Les antibiotiques sont des médicaments faisant partie des fondamentaux de la médecine moderne et ont permis de sauver d’innombrables vies. À l’occasion de la journée européenne d’information sur les antibiotiques, le Gircor vous propose de découvrir la genèse de cette famille de médicaments, leur mécanisme d’action, le rôle des modèles animaux dans leur développement, mais surtout pourquoi notre dépendance aux antibiotiques risque de causer une crise sanitaire mondiale.
Aujourd’hui considérés comme des médicaments fondamentaux, leur découverte ne remonte pourtant qu’au siècle dernier et plus précisément en 1928 par Alexander Fleming, médecin, biologiste et pharmacologue britannique.
Sa découverte tint pourtant de la sérendipité (découverte imprévue mais utile). En effet, alors qu’il étudiait la bactérie Staphyloccocus aureus (le staphylocoque doré, causant notamment des intoxications alimentaires), les travaux d’un autre scientifique travaillant sur un champignon nommé Penicillium notatum virent contaminer sa culture bactérienne pendant qu’il était en vacances. Le résultat qui apparut devant ses yeux fut tout à fait surprenant : les cultures de bactéries contaminées ne croissaient plus, leur développement était inhibé. Ses travaux furent repris par Haward Walter Florey, Ernst Chain et Norman Heatley en 1939, qui parvinrent à purifier la pénicilline, l’actif anti-bactérien, sous une forme stable.
Heatley utilisa 8 souris pour vérifier l’efficacité de la pénicilline. Les 8 furent contaminées par des staphylocoques dorés mais seule la moitié d’entre elles reçurent une injection de l’antibiotique. Quelques heures plus tard, toutes les souris non-traitées furent retrouvées sans vie tandis que les traitées survécurent.
Cette découverte accordera en 1943 le Prix Nobel de Médecine à Fleming, Florey et Chain pour leur découverte et son application thérapeutique.
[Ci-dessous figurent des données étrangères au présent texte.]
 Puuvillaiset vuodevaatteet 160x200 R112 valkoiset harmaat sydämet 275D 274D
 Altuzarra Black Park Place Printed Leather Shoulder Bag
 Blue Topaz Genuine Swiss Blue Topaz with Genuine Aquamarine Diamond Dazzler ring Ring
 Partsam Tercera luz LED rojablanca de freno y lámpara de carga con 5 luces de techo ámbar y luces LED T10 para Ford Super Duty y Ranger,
Aujourd’hui, il existe plus de cent antibiotiques différents utilisés pour la santé humaine. Ces molécules ne sont pourtant pas des remèdes miracles, elles ne fonctionnent que sur certains micro-organismes : les bactéries. Les publicités tentent de le faire comprendre depuis de nombreuses années, la prise d’antibiotiques doit se faire sur l’avis d’un médecin qui détermine si l’infection est bactérienne.
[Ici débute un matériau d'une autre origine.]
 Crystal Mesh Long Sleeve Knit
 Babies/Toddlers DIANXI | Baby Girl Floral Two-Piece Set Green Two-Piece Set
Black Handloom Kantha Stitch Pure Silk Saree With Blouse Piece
Dans le cas où la maladie n’est pas d’origine bactérienne, non seulement le médicament ne soignera pas le patient, mais en plus de cela, il participera à un phénomène nommé l’antibiorésistance. Comme son nom l’indique, ce phénomène traduit la résistance acquise de bactéries pour certains antibiotiques. La raison est très simple : nos sociétés modernes consomment avec excès ces molécules. Or, les bactéries ont une capacité d’adaptation, d’évolution tout particulièrement menaçante. Dans une population bactérienne où, imaginons, 1 bactérie pour 1 million est résistante, si vous décidez de ne pas traiter une maladie bénigne, alors votre organisme combattra par lui-même l’infection. Par contre, si vous consommez un antibiotique, presque toute la population bactérienne sensible mourra, soit >99%. Finalement, la bactérie résistante se retrouvera seule et pourra remplacer la population sensible en se multipliant, vous empêchant la prochaine fois d’utiliser cet antibiotique. Deux mécanismes peuvent expliquer la résistance : une mutation de l’ADN bactérien et un transfert d’ADN d’une bactérie résistante à une autre, sensible (même si elles ne sont pas de la même espèce). Les contacts humains et la mondialisation s’occuperont par la suite de transmettre ces souches résistantes partout dans le monde. Et un malheur n’arrive jamais seul car nous ne sommes pas les seuls animaux à consommer des antibiotiques, les animaux d’élevage sont en effet très (trop) largement traités, ajoutant un risque supplémentaire d’antibiorésistance dans notre propre alimentation. L’antibiorésistance risque de devenir une cause majeure de décès dans le monde.
La recherche continue malgré tout pour produire de nouveaux antibiotiques, prolonger la « vie » de ceux actuellement disponibles et explorer de nouvelles voies de traitement telles que les bactériophages. Cette recherche nécessite toujours l’utilisation d’animaux afin d’examiner l’efficacité et l’innocuité des futurs traitements qui éviteront les morts de millions de personnes dans les décennies à venir.